Charles McH. Howard, of Baltimore, Md., for respondent.

Before PARKER, NORTHCOTT, and SOPER, Circuit Judges.

SOPER, Circuit Judge.

The petition for review presents two questions which arise in determining the value of the net estate of a decedent subject to the federal estate tax under sections 302 and 303 of the Revenue Act of 1926, 44 Stat. 9, 70, 72: (1) Whether the value of a block of shares of stock, on the date of decedent's death, must be determined by ascertaining the market value on that date of a single share, in accordance with Article 13 of Regulations 80 promulgated under the Revenue Acts of 1926 and 1932; and (2) whether the amount of a pledge of a contribution by the decedent to a charitable organization, paid after his death, may be deducted from the value of the gross estate.

When Henry Walters, a resident of Baltimore, died on November 30, 1931, he owned 35,966 shares of stock of the Atlantic Coast Line Railroad Company, and 104,663 shares of the Atlantic Coast Line Company of Connecticut, a holding company, both of which were valued in the estate tax return at $30 per share; and he also owned 1,000 shares of stock of the Safe Deposit & Trust Company of Baltimore, which were returned at a value of $550 per share.

The stock of the railroad company was actively dealt in on the New York Stock Exchange, and on November 30, 1931, the date of the decedent's death, the average of the high and low prices was $44 per share in sales aggregating 600 shares. The Commissioner of Internal Revenue accepted this figure as the value per share of the entire block of 35,966 shares. The holding company owned about 27 per cent. of the stock of the railroad company, and other securities. The stock of the holding company was not listed on the New York Stock Exchange, but was listed on the Baltimore and Richmond stock exchanges. Sales were infrequent. From September 25, 1931, to February 2, 1932, the price of the stock on the Baltimore Stock Exchange was pegged at $68; that is, sales at less than $68 were prohibited either on or off the Exchange by members thereof. On the Richmond Exchange there was a sale of 34 shares on November 24, 1931, six days before the death of the decedent, at $44 per share; and a sale of 8 shares on December 7, 1931, seven days after his death, at $30 per share. The Commissioner accepted $44 per share, the price at which the stock was sold on the date nearest to the decedent's death, as the value per share of the entire block of 104,663 shares. Upon appeal the Board of Tax Appeals valued the stock of both railroad company and holding company at $35 per share. The stock of the Safe Deposit & Trust Company was not listed on any exchange, but frequent sales were made through a brokerage firm in Baltimore that dealt in the stock. Sales between November 9 and November 25, 1931, were made at prices ranging from $640 to $670 per share. The Commissioner determined the value to be $635 per share for the entire block of 1,000 shares. The Board fixed the value at $600 per share.
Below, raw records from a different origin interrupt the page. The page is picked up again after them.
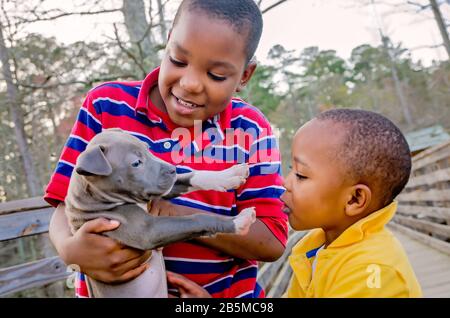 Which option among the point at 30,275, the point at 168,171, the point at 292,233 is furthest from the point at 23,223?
the point at 292,233

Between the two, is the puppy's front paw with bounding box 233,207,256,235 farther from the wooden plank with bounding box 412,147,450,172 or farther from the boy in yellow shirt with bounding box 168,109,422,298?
the wooden plank with bounding box 412,147,450,172

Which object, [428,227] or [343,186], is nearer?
[343,186]

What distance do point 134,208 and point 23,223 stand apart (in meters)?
2.60

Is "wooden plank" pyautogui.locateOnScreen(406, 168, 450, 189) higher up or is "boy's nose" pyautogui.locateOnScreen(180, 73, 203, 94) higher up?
"boy's nose" pyautogui.locateOnScreen(180, 73, 203, 94)

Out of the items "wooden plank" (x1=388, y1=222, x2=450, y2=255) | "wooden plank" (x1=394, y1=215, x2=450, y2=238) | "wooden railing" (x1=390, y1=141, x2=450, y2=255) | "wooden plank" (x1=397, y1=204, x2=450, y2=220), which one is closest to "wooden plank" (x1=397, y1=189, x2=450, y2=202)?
"wooden railing" (x1=390, y1=141, x2=450, y2=255)

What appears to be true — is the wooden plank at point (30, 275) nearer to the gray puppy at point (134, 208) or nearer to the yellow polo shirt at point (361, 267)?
the gray puppy at point (134, 208)

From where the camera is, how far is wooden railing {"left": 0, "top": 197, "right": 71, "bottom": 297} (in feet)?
11.6

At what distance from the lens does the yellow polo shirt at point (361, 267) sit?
1484 millimetres

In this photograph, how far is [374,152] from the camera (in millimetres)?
1747

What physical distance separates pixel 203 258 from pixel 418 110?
121 feet

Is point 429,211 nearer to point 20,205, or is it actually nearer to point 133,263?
point 20,205

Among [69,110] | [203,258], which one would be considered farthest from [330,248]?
[69,110]

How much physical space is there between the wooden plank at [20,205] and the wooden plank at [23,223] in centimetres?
4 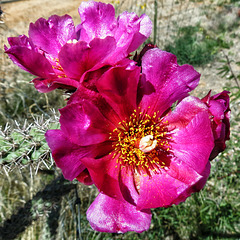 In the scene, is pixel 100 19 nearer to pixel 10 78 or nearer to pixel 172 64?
pixel 172 64

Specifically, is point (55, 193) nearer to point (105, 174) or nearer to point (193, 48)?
point (105, 174)

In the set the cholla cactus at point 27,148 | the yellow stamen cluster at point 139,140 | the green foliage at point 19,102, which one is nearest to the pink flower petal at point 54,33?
the cholla cactus at point 27,148

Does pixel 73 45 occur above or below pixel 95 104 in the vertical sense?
above

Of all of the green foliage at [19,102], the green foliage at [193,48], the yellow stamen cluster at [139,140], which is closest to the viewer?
the yellow stamen cluster at [139,140]

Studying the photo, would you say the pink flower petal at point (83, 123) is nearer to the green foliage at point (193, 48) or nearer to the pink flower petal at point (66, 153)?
the pink flower petal at point (66, 153)

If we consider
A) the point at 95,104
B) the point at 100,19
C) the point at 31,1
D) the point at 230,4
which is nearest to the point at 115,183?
the point at 95,104

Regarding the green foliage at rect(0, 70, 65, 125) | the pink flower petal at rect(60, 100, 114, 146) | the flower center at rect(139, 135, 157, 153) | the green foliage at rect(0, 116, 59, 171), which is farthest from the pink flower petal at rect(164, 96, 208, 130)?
the green foliage at rect(0, 70, 65, 125)

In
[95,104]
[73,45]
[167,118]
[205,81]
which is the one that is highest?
[73,45] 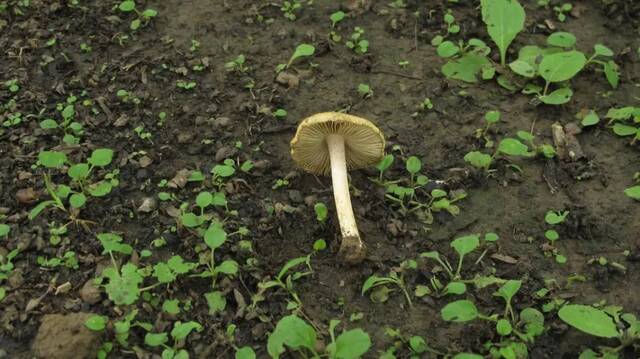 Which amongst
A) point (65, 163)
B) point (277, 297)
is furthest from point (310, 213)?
point (65, 163)

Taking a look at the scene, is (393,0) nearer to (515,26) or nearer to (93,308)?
(515,26)

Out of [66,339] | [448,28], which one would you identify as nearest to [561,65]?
[448,28]

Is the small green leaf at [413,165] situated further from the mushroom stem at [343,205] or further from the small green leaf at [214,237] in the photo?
the small green leaf at [214,237]

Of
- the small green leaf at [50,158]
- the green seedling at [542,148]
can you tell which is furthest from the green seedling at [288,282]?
the green seedling at [542,148]

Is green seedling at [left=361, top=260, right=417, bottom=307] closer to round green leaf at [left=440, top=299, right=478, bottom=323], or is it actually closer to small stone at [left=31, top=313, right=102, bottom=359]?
round green leaf at [left=440, top=299, right=478, bottom=323]

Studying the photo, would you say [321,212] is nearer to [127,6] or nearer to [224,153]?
[224,153]

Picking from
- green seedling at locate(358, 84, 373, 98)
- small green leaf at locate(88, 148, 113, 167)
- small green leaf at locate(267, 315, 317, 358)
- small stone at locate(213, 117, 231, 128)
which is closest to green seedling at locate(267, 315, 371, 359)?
small green leaf at locate(267, 315, 317, 358)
The testimony of experienced witnesses on behalf of the taxpayer with regard to the value of the 35,966 shares of railroad company stock indicated a value not in excess of $35 per share on the day of death. Factors entering into the estimate included the quoted market price on that day, the volume of sales, the trend of the securities market, the prospects, earnings, and expenses of the company, and especially the number of shares involved which was so large that it could not have been marketed except over a period of not less than two months, and only then at a price much less than that obtainable from the comparatively few shares sold on November 30, 1931. As a matter of fact, an amount of stock equal to the holdings of the estate was sold on the New York Stock Exchange in the period between December 1, 1931, and March 7, 1932, at an average price of $33.92 per share.
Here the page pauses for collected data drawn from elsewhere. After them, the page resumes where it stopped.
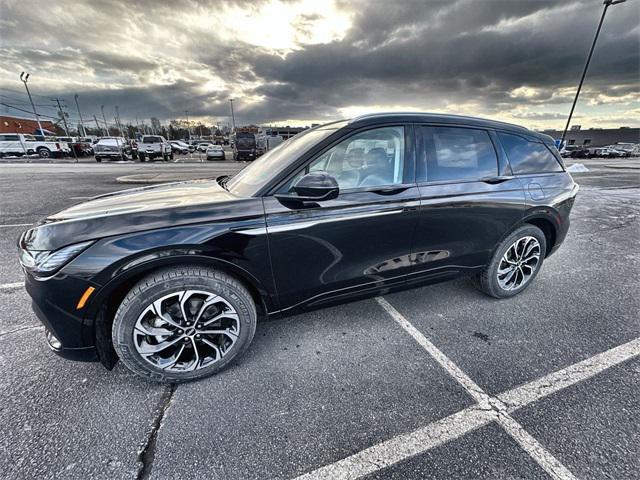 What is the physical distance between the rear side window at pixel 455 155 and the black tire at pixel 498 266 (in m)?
0.73

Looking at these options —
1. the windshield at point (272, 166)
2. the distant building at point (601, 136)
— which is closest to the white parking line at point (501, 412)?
the windshield at point (272, 166)

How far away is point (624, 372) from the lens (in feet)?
7.09

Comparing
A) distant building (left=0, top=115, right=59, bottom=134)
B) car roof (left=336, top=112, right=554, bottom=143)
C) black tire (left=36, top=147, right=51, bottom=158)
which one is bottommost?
car roof (left=336, top=112, right=554, bottom=143)

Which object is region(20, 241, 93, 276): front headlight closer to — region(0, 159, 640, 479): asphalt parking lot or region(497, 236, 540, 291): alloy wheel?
region(0, 159, 640, 479): asphalt parking lot

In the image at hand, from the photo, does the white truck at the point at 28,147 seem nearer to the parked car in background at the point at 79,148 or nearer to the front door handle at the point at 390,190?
the parked car in background at the point at 79,148

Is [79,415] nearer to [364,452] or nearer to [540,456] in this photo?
[364,452]

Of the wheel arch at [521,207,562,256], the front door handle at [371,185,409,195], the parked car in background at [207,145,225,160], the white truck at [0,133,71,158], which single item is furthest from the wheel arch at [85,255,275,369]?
the white truck at [0,133,71,158]

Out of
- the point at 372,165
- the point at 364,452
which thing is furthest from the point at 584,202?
Answer: the point at 364,452

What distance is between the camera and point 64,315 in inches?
69.6

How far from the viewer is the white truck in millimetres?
25094

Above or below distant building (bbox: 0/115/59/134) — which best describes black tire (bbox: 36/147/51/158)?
below

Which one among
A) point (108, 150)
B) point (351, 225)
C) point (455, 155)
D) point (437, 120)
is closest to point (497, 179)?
point (455, 155)

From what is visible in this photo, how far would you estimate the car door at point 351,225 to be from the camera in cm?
207

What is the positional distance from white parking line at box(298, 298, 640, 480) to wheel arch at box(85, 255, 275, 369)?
122 cm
On behalf of the Commissioner, the opinion was expressed by an investment counselor and expert that the fair market value of the shares on November 30, 1931, was the stock exchange price of $44 per share on that date; that the size of the block had no bearing because the value of the whole should be based on the unit value, which, by custom on the exchange, is the value per share of 100 shares; that the whole block could not have been sold on November 30, 1931, for $44 per share, but that it could have been disposed of in three principal ways at that price under conditions prevailing in 1931 by obtaining an option on it and then offering it to an investment trust; or offering it to a group of railroad capitalists; or forming a syndicate and selling the stock through a group of distribution houses on commission. The opinion was expressed that the decline in the market in the period after November 30, 1931, during which the marketing of so large a block would have had to take place, should not be considered in estimating the value on that date.

In like manner, a valuation of the 104,663 shares of holding company stock from $32 to $40 per share, based on similar considerations, was given by a witness for the taxpayer; while the witness for the government estimated its worth at $44 per share based principally on the price received at the sale six days before the decedent's death and parity with the price of the railroad stock. The records of the transfer agents showed that, exclusive of transfers by estates, a total of 27,432 shares of the holding company's stock was transferred between the day of death and November, 1935.

With regard to the 1,000 shares of stock of the Safe Deposit & Trust Company, a valuation of $570 on the day of death was made by a Baltimore broker who handled more sales of this stock than any one else, taking into consideration the prices received from sales made shortly before and shortly after the decedent's death, the general decline in the company's earnings, the general decline in market conditions, and the fact that so large a block of stock could not have been sold at once, but could have been marketed only through some such arrangement as a pool of brokers. Testimony on behalf of the Commissioner indicated a value of this stock at $635.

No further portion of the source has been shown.